I thought that it was another type of the usual handbrake type of the cars (just for "holding" the tractor when the engine is off), but someone told me that it is used to keep the 4WD attached.

I tried using the 4WD without pulling the transmission handbrake and it worked properly.

If anybody knows please let me know.


----------



## sixbales (May 18, 2011)

We normally do not have transmission handbrakes on tractors here in the USA. We have footbrake locks which serve the same purpose as a parking brake. They are used for holding the tractor in place when parked - just like an automobile parking brake.

The transmission handbrake should have no affect on the 4 wheel drive engagement, which you have verified. 

Just to be sure we are talking about the same transmission handbrake, it is located on the Left Hand side of your tractor, bolted to the rear differential housing housing near the PTO lever. It has it's own lever attached that you pull up. You should release the transmission handbrake before moving the tractor. The engine should "grunt" if you try moving with the handbrake engaged.

See attached diagram. It appears that you can adjust the transmission handbrake by tightening locknut #33 on the brake control rod #23. If there is no brake adjustment remaining, you will have to replace the two brake discs #15 on the diagram. Doesn't look to be a big job (but I've never done one).


----------



## tilegrfos (Feb 7, 2013)

Thank you.

I would like to ask you if the transmission of this model is synchronized with the engine, because the keep telling me that it is not synchronized, but I change gears easily without stopping the tractor.

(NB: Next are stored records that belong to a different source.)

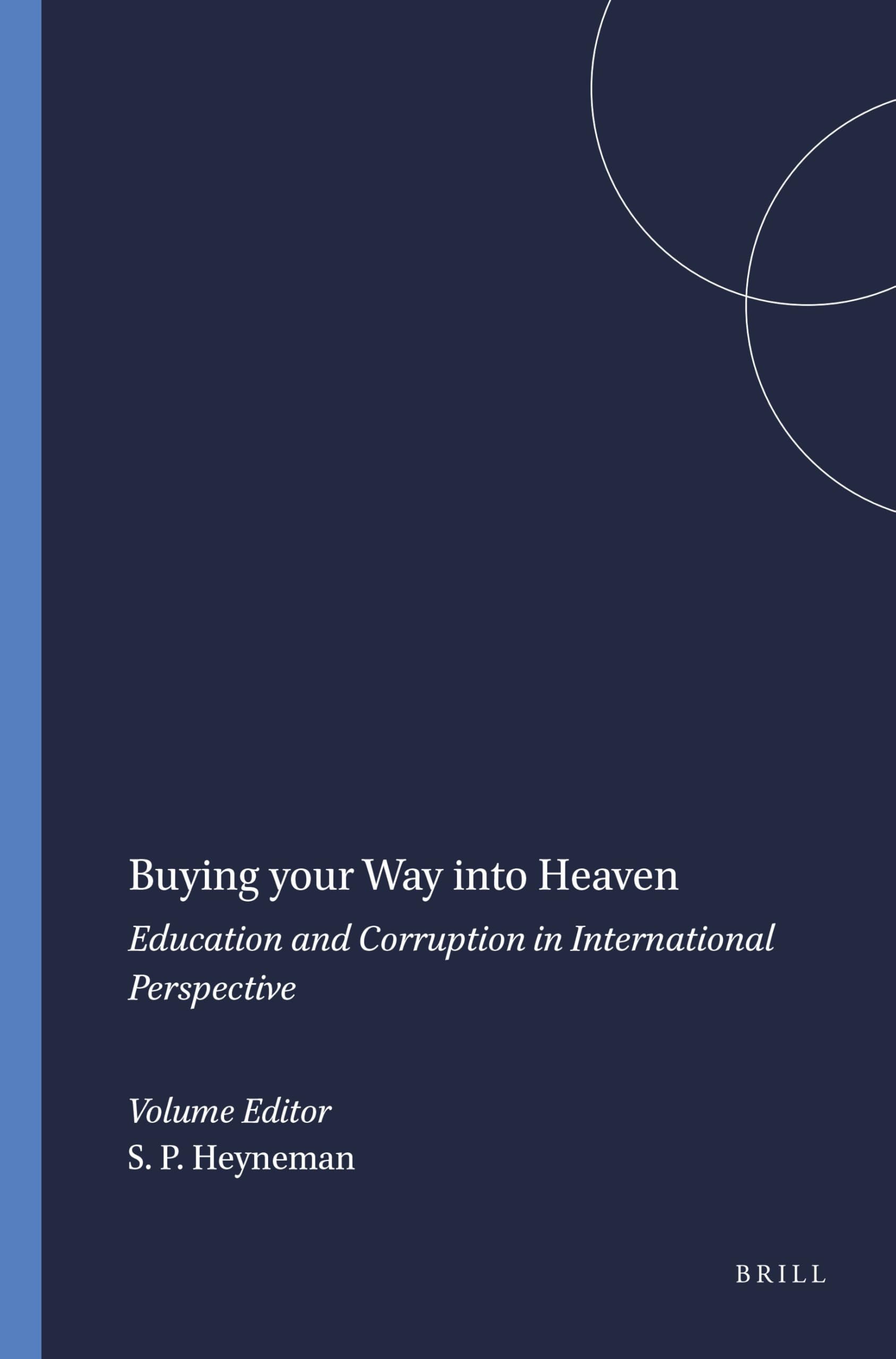 Buy Buying your Way into Heaven: Education and Corruption in International Perspective (Global Perspectives on Higher Education) — BookShops.in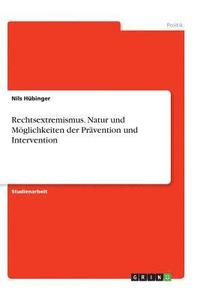 bokomslag Rechtsextremismus. Natur Und Moglichkeiten Der Pravention Und Intervention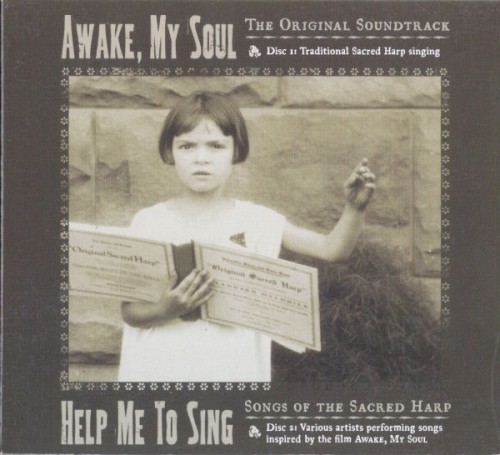 Awake, My Soul / Help Me to Sing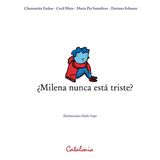 ?MILENA NUNCA EST TRISTE?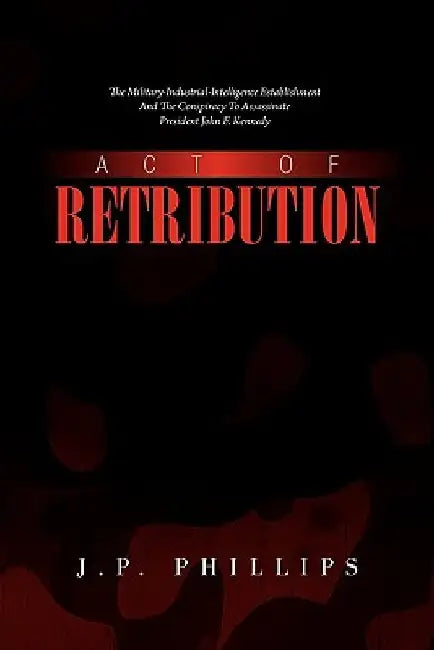 Act of Retribution by J. P. Phillips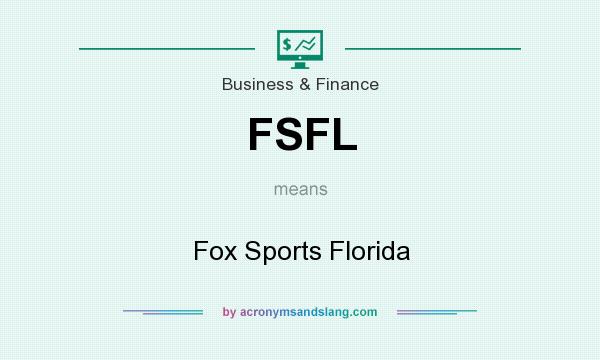 What does FSFL mean? It stands for Fox Sports Florida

It seems to me that the transmission is synchronized. 

So once again I need your help!!!

The transmission is synchronized or not???


----------



## sixbales (May 18, 2011)

From what I can determine on the internet, your Ford 6600 transmission is NOT a synchromesh transmission. 

"The introduction of the Ford Series 10 tractors (i.e., 2610, 3610, 4610, 5610, 6610 7610, etc.) in September 1981 saw the implementation of the very first synchromesh gearbox to the Ford tractor line. This was introduced on the Series 10 tractors and was known as Synchroshift by Ford." 

So, the successor to your 6600 (the Ford 6610) had the first synchromesh transmission.


----------